● What is expected: The required output is every record, written out exactly.

Given information START

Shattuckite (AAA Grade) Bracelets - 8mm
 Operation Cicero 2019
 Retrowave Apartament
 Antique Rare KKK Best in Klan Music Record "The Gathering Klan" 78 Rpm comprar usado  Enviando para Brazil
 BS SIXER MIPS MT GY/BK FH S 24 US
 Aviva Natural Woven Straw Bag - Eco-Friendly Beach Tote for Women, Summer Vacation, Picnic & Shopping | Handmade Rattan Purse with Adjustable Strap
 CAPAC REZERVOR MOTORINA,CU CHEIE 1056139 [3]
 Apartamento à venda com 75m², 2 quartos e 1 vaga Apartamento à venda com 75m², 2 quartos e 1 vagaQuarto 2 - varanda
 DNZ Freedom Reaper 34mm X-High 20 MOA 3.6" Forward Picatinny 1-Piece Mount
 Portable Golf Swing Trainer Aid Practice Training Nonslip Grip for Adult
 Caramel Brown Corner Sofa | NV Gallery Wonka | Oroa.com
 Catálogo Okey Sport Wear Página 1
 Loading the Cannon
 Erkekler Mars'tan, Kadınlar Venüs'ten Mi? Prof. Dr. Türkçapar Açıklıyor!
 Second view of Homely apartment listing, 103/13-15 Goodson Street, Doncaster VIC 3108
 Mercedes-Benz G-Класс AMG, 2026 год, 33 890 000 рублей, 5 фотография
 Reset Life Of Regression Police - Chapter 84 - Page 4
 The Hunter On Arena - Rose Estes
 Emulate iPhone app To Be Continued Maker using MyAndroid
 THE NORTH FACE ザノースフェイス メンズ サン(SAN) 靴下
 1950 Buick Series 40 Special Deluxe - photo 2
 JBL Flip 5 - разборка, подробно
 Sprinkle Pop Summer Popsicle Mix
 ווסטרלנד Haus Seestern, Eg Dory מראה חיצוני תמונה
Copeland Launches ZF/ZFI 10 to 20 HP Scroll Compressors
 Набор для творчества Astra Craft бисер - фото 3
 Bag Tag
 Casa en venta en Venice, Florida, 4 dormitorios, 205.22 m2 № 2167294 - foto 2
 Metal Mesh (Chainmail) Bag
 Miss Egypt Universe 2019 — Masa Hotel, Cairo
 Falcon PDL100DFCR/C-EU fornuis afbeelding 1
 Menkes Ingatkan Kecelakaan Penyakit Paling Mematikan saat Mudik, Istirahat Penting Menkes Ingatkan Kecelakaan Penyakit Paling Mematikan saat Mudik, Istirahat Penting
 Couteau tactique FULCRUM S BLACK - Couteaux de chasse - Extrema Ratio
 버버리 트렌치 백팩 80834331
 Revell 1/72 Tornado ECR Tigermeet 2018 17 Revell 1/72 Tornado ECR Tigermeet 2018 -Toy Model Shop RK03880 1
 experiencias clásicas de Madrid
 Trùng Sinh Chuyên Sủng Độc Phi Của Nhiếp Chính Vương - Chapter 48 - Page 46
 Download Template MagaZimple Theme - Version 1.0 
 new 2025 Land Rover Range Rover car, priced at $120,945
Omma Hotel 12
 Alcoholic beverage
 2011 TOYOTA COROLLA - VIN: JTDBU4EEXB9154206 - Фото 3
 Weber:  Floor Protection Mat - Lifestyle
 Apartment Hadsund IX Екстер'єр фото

Given information END

● Response below:
Shattuckite (AAA Grade) Bracelets - 8mm
 Operation Cicero 2019
 Retrowave Apartament
 Antique Rare KKK Best in Klan Music Record "The Gathering Klan" 78 Rpm comprar usado  Enviando para Brazil
 BS SIXER MIPS MT GY/BK FH S 24 US
 Aviva Natural Woven Straw Bag - Eco-Friendly Beach Tote for Women, Summer Vacation, Picnic & Shopping | Handmade Rattan Purse with Adjustable Strap
 CAPAC REZERVOR MOTORINA,CU CHEIE 1056139 [3]
 Apartamento à venda com 75m², 2 quartos e 1 vaga Apartamento à venda com 75m², 2 quartos e 1 vagaQuarto 2 - varanda
 DNZ Freedom Reaper 34mm X-High 20 MOA 3.6" Forward Picatinny 1-Piece Mount
 Portable Golf Swing Trainer Aid Practice Training Nonslip Grip for Adult
 Caramel Brown Corner Sofa | NV Gallery Wonka | Oroa.com
 Catálogo Okey Sport Wear Página 1
 Loading the Cannon
 Erkekler Mars'tan, Kadınlar Venüs'ten Mi? Prof. Dr. Türkçapar Açıklıyor!
 Second view of Homely apartment listing, 103/13-15 Goodson Street, Doncaster VIC 3108
 Mercedes-Benz G-Класс AMG, 2026 год, 33 890 000 рублей, 5 фотография
 Reset Life Of Regression Police - Chapter 84 - Page 4
 The Hunter On Arena - Rose Estes
 Emulate iPhone app To Be Continued Maker using MyAndroid
 THE NORTH FACE ザノースフェイス メンズ サン(SAN) 靴下
 1950 Buick Series 40 Special Deluxe - photo 2
 JBL Flip 5 - разборка, подробно
 Sprinkle Pop Summer Popsicle Mix
 ווסטרלנד Haus Seestern, Eg Dory מראה חיצוני תמונה
Copeland Launches ZF/ZFI 10 to 20 HP Scroll Compressors
 Набор для творчества Astra Craft бисер - фото 3
 Bag Tag
 Casa en venta en Venice, Florida, 4 dormitorios, 205.22 m2 № 2167294 - foto 2
 Metal Mesh (Chainmail) Bag
 Miss Egypt Universe 2019 — Masa Hotel, Cairo
 Falcon PDL100DFCR/C-EU fornuis afbeelding 1
 Menkes Ingatkan Kecelakaan Penyakit Paling Mematikan saat Mudik, Istirahat Penting Menkes Ingatkan Kecelakaan Penyakit Paling Mematikan saat Mudik, Istirahat Penting
 Couteau tactique FULCRUM S BLACK - Couteaux de chasse - Extrema Ratio
 버버리 트렌치 백팩 80834331
 Revell 1/72 Tornado ECR Tigermeet 2018 17 Revell 1/72 Tornado ECR Tigermeet 2018 -Toy Model Shop RK03880 1
 experiencias clásicas de Madrid
 Trùng Sinh Chuyên Sủng Độc Phi Của Nhiếp Chính Vương - Chapter 48 - Page 46
 Download Template MagaZimple Theme - Version 1.0 
 new 2025 Land Rover Range Rover car, priced at $120,945
Omma Hotel 12
 Alcoholic beverage
 2011 TOYOTA COROLLA - VIN: JTDBU4EEXB9154206 - Фото 3
 Weber:  Floor Protection Mat - Lifestyle
 Apartment Hadsund IX Екстер'єр фото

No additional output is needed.